Upon receiving the request for reading, the data node 520 reads the data block #0 from the HDD 530 specified by the name node 510 (S1401 c). The data node 520 notifies the client node 550 of the read data block #0 (S1402 c).
When the above-mentioned processing has been completed, the distributed file system 500 terminates the read processing.
FIG. 15 is a diagram illustrating withdrawal processing for a data node 520.

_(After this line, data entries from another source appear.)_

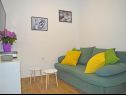Apartments Jadro - 250 m from beach A1(4), A2Gornji(2+1), A3Srednji(2+1), A4Prizemlje(2) Makarska - Riviera Makarska  - Apartment - A4Prizemlje(2): living room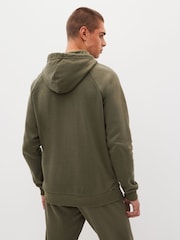 Under Armour Green Rival Fleece Zip Up Hoodie - Image 2 of 8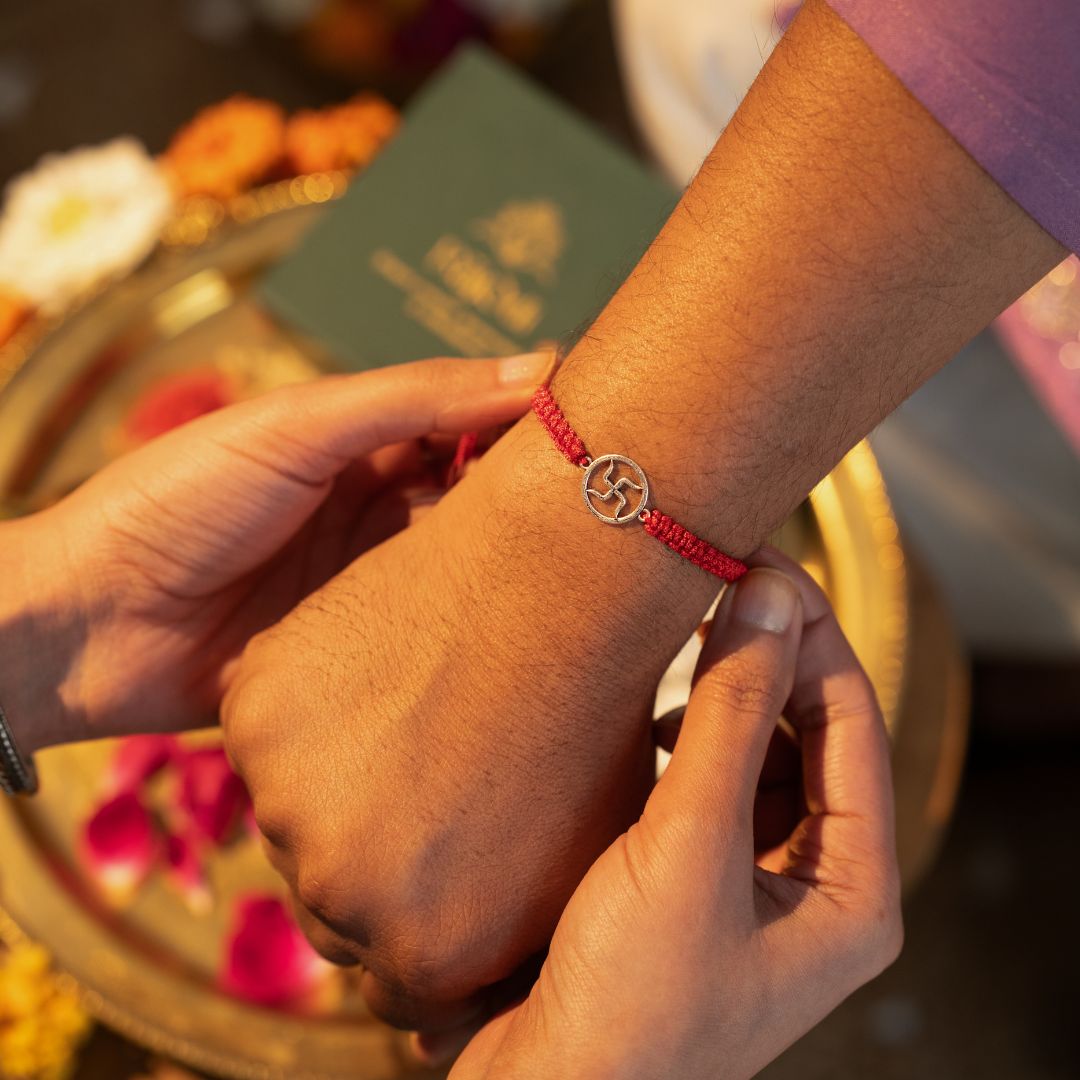 Sacred Swastik Thread Rakhi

When one of the data nodes 520 included in the distributed file system 500 has crashed owing to a failure or the like, processing for withdrawing the crashed data node 520 from the distributed file system 500 is performed. FIG. 15 exemplifies a case where the data node #00 has been withdrawn from the distributed file system 500 illustrated in FIG. 10. However, the case does not have an effect of limiting the processing illustrated in FIG. 15 to the processing for the data node #00.

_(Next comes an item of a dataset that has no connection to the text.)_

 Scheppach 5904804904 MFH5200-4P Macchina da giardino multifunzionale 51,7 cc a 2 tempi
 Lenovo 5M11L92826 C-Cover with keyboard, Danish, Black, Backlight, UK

According to an example of the withdrawal processing, as illustrated in FIG. 15, as for the HDDs #00 to #02 and #34 connected to the data node #00 before withdrawal, the HDDs #00 and #02 are handed over to the data node #01, and the HDDs #01 and #34 are handed over to the data node #02.

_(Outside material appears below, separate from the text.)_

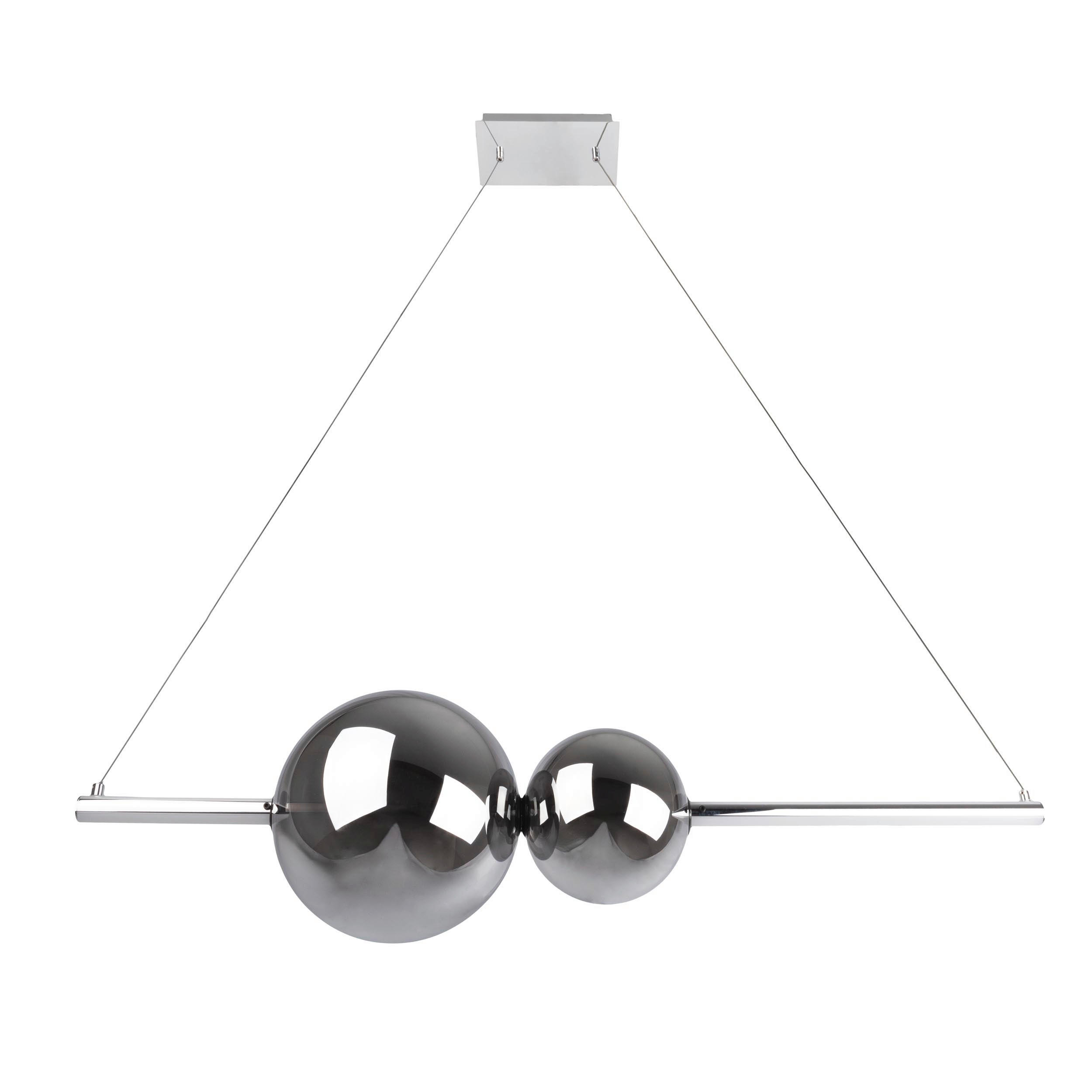 LED-PENDELLEUCHTE 105,3/25/150 cm  - Design, Glas/Metall (105,3/25/150cm) - Näve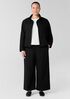 Silk Linen Box Stand Collar Jacket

FIG. 16 is a flowchart illustrating an operation flow of withdrawal processing in the distributed file system 500. In the following description, as an example, fail-over processing will be described that is performed when the data node #00 is to be withdrawn. However, the case does not have an effect of limiting the processing illustrated in FIG. 16 to the processing for the data node #00.
The name node 510 receives an instruction for withdrawing the data node #00, which is issued by a predetermined operation of a user (S1601). Upon receiving the instruction, the name node 510 refers to the management information 900 (S1602). The name node 510 selects one HDD 530 connected to the data node #00 (S1603).
When the number of data nodes 520, other than the data node #00, connected to the HDD 530 selected in S1603 is less than a predetermined number (S1604: YES), the name node 510 proceeds the processing to S1605. In this case, the name node 510 selects data nodes 520 as many as the number corresponds to a shortfall with respect to the predetermined number. The data nodes 520 already connected to the HDD selected in S1603 are excluded from the selection.
When having selected the data nodes 520, the name node 510 connects each of the selected data nodes 520 to the HDD 530 selected in S1603 (S1605). So as to connect an HDD 530 and a data node 520 to each other, for example, the zone permission table 800 illustrated in FIG. 8 may be changed. Since the method for setting the zone permission table 800 has been described with reference to FIG. 8, the description thereof will be omitted.
Upon completion of the operation in S1605, the name node 510 reflects a connection relationship, changed in S1605, between the HDD 530 and the name node 510 in the management information 900 (S1606).
When, at least one of the HDDs 530 connected to the data node #00 has not been selected in S1603 (S1607: NO), the name node 510 proceeds the processing to S1602 and repeats the operations in S1602 to S1607.
When all HDDs 530 connected to the data node #00 have been already selected in S1603 (S1607: YES), the name node 510 terminates the withdrawal processing.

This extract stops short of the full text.